# Brief:
Set down every record below exactly as it stands, minus the pictures.

▬▬▬

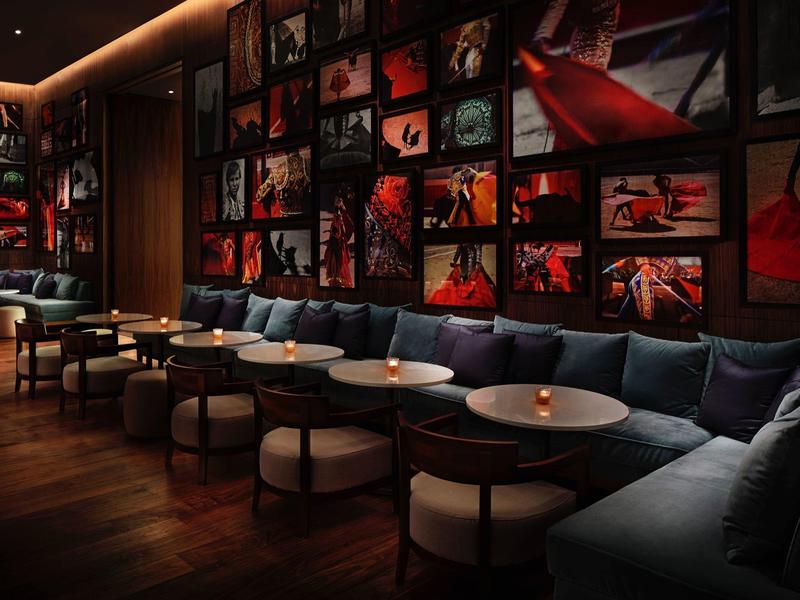 Gemütliche Bar mit runden Tischen, blauen Sofas und roten Bildern an dunklen Wänden.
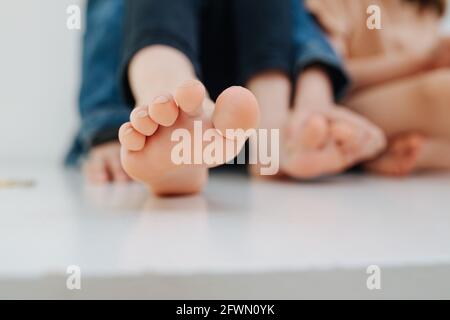 Piede del bambino vicino. Con unghie leggermente sopravcrescita ma pulite. Resto è sfocato Foto Stock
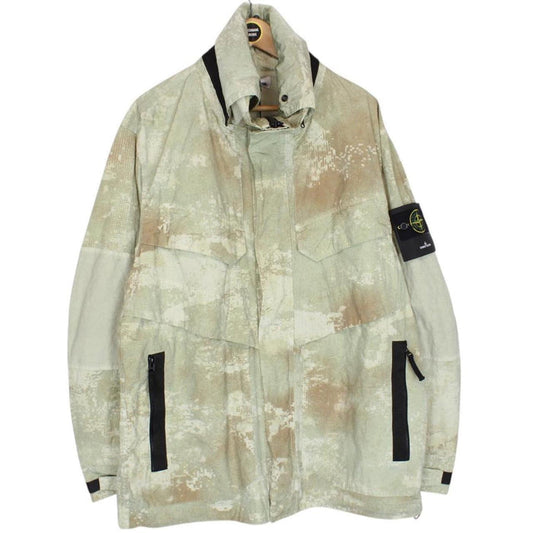 Stone Island green full zip jacket with dissolving grid camo pattern and logo patch.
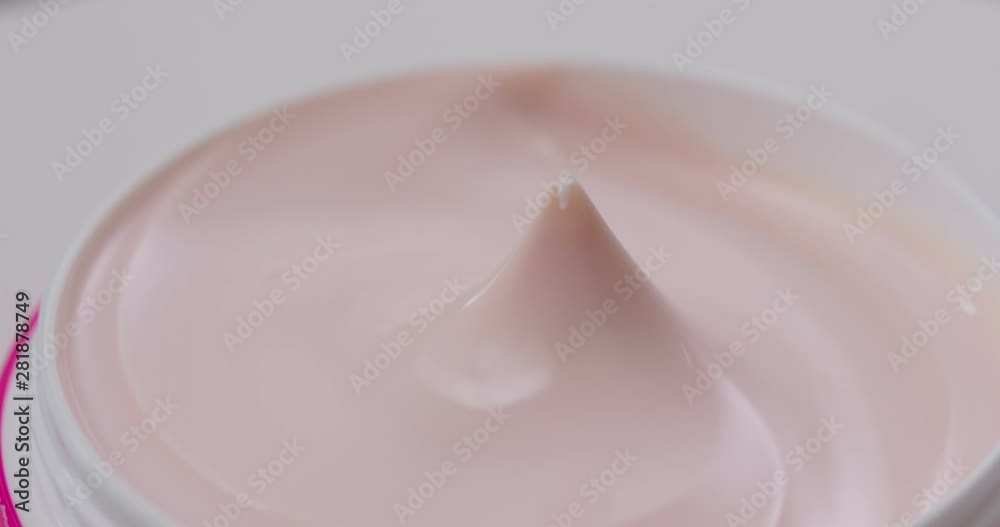 Closeup shot of cosmetics cream in rotation Closeup shot of cosmetics cream in rotation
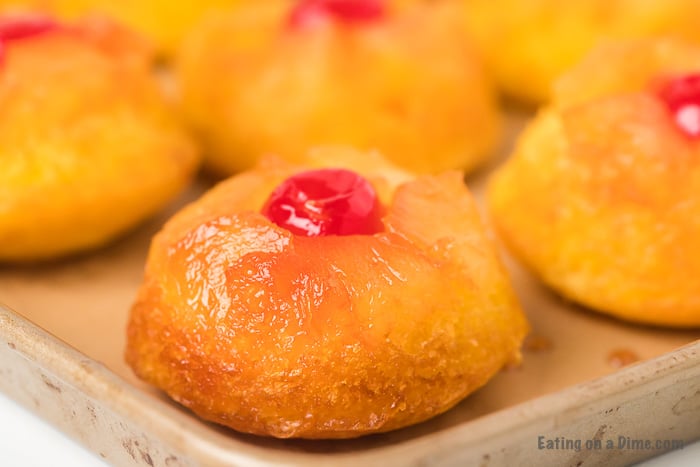 Close up image of pineapple upside cake on a cookie sheet. 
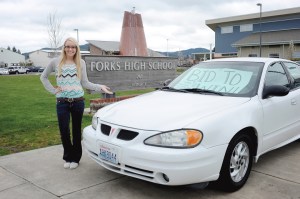 Forks senior Brooke Jacoby shows a 2004 Pontiac Grand Am donated by Wilder Auto of Port Angeles to the Forks High School Scholarship Auction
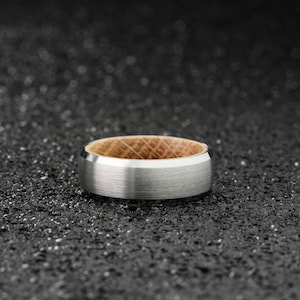 K&ouml;nnte beinhalten: Ein silberner und h&ouml;lzerner Ring mit geb&uuml;rsteter Oberfl&auml;che. Der Ring hat einen d&uuml;nnen Holzstreifen um die Mitte.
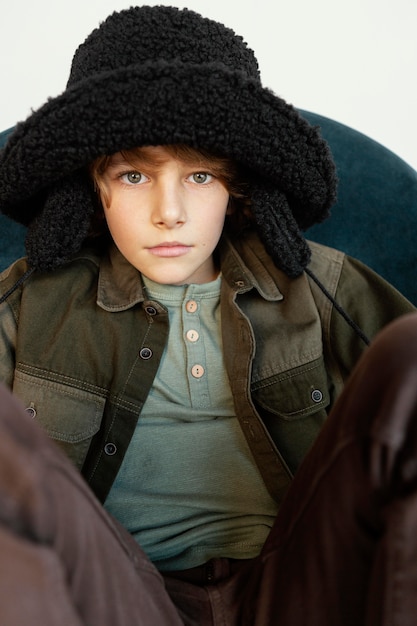 Free photo portrait boy wearing winter hat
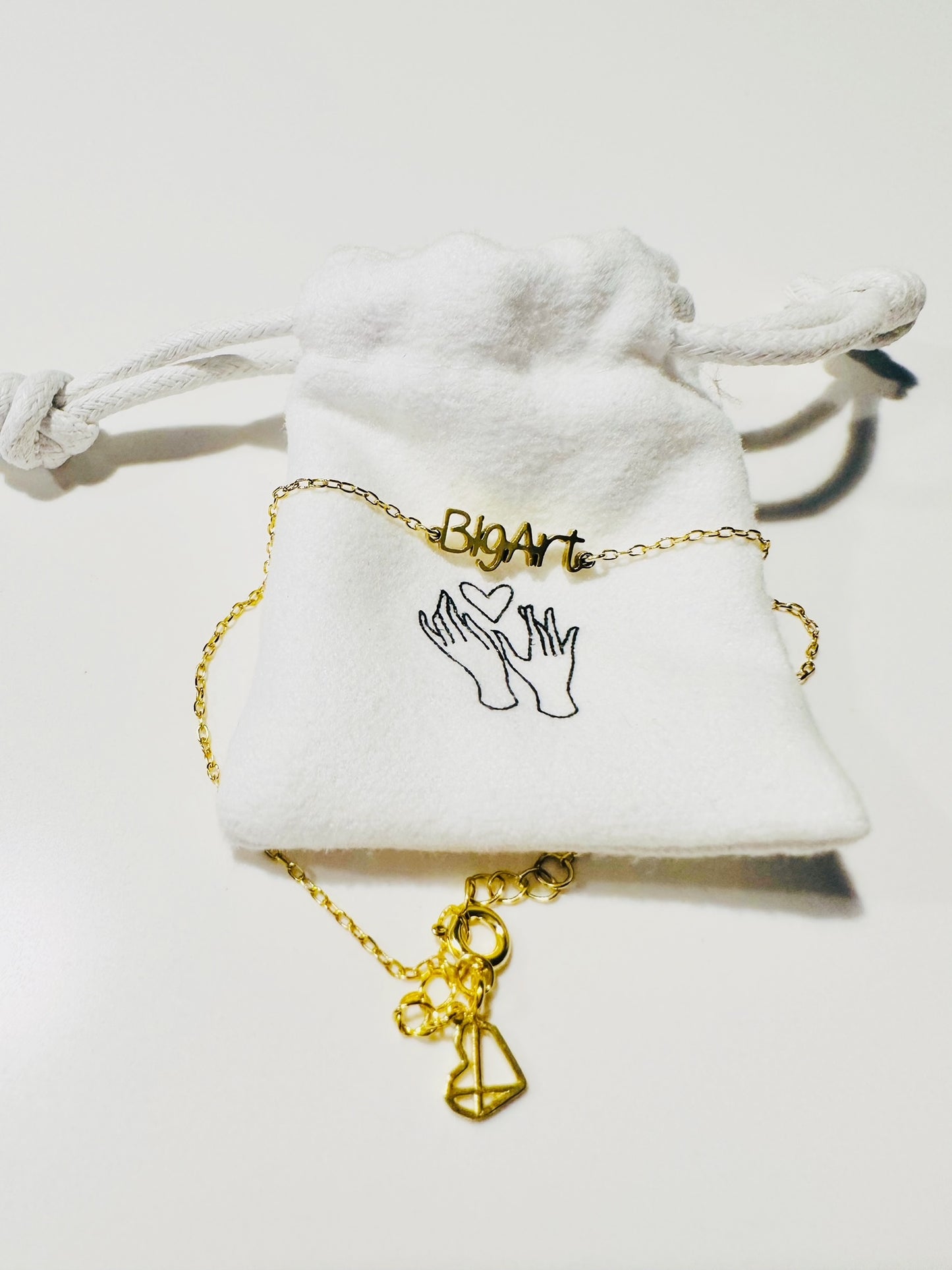 Delicate chain with a with a word charm reading ’BigArt’ with fabric bag packaging 

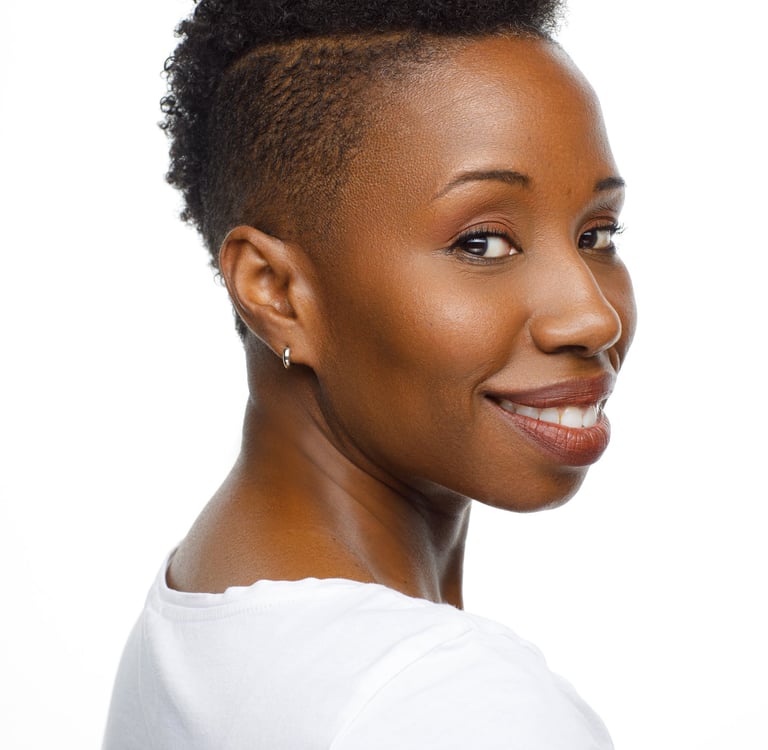 Headshot of Tracie Frank with a sassy over-the-shoulder smile
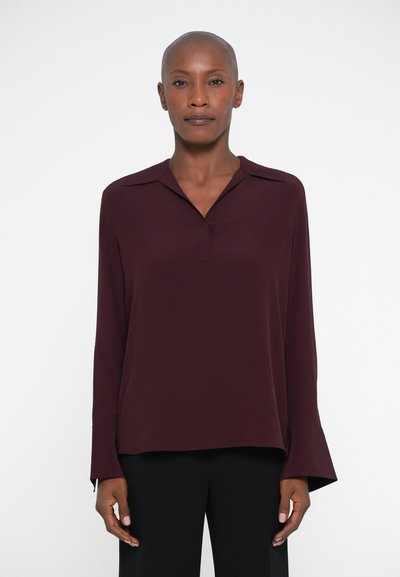 Burgundy lightweight blouse with a collar, long bell sleeves, smooth texture, and a relaxed fit, paired with black trousers.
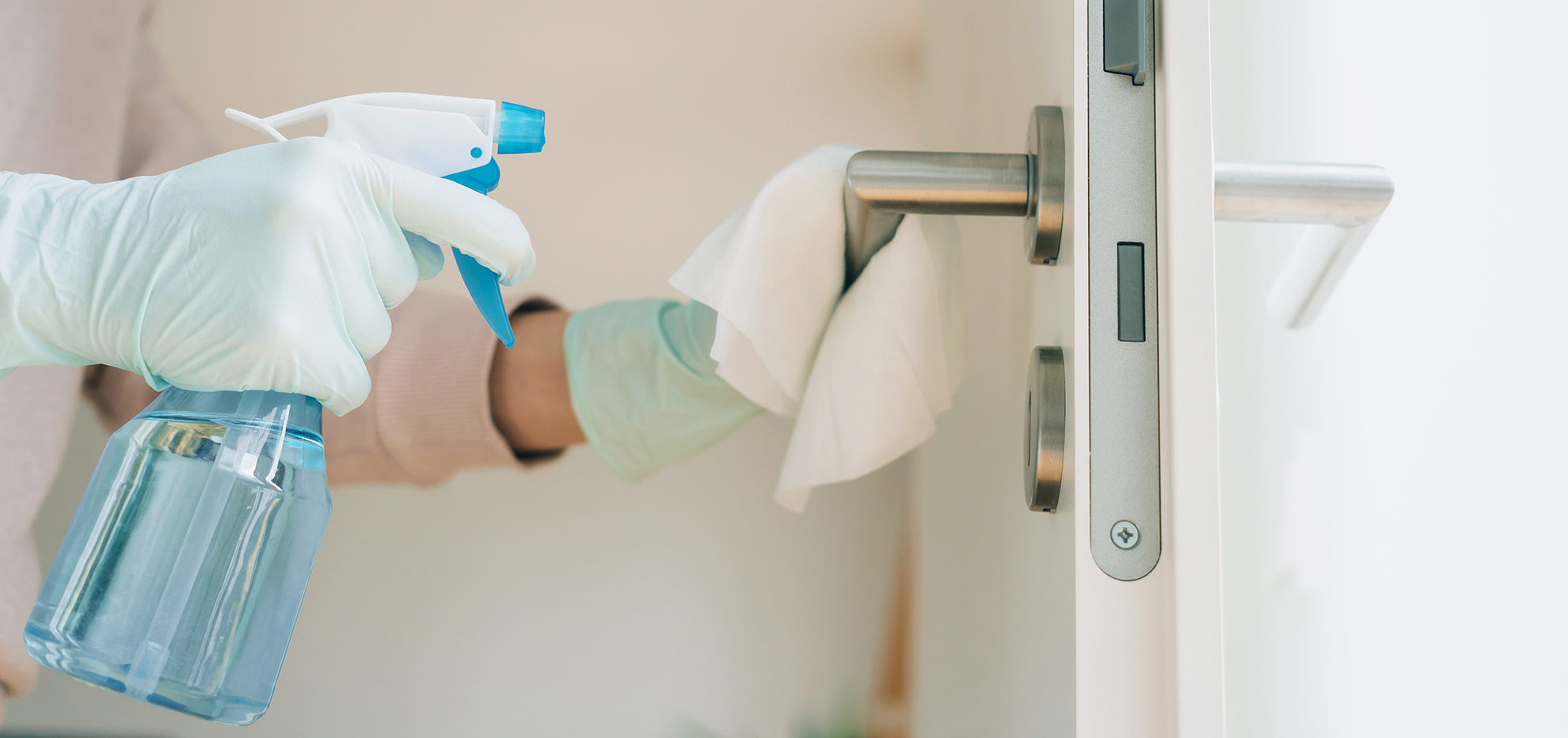 Disinfecting a door handle with Pudol surface disinfectant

▬▬▬

# Finished task:
 Gemütliche Bar mit runden Tischen, blauen Sofas und roten Bildern an dunklen Wänden.
 Piede del bambino vicino. Con unghie leggermente sopravcrescita ma pulite. Resto è sfocato Foto Stock
 Stone Island green full zip jacket with dissolving grid camo pattern and logo patch.
 Closeup shot of cosmetics cream in rotation Closeup shot of cosmetics cream in rotation
 Close up image of pineapple upside cake on a cookie sheet. 
 Forks senior Brooke Jacoby shows a 2004 Pontiac Grand Am donated by Wilder Auto of Port Angeles to the Forks High School Scholarship Auction
 K&ouml;nnte beinhalten: Ein silberner und h&ouml;lzerner Ring mit geb&uuml;rsteter Oberfl&auml;che. Der Ring hat einen d&uuml;nnen Holzstreifen um die Mitte.
 Free photo portrait boy wearing winter hat
 Delicate chain with a with a word charm reading ’BigArt’ with fabric bag packaging 

 Headshot of Tracie Frank with a sassy over-the-shoulder smile
 Burgundy lightweight blouse with a collar, long bell sleeves, smooth texture, and a relaxed fit, paired with black trousers.
 Disinfecting a door handle with Pudol surface disinfectant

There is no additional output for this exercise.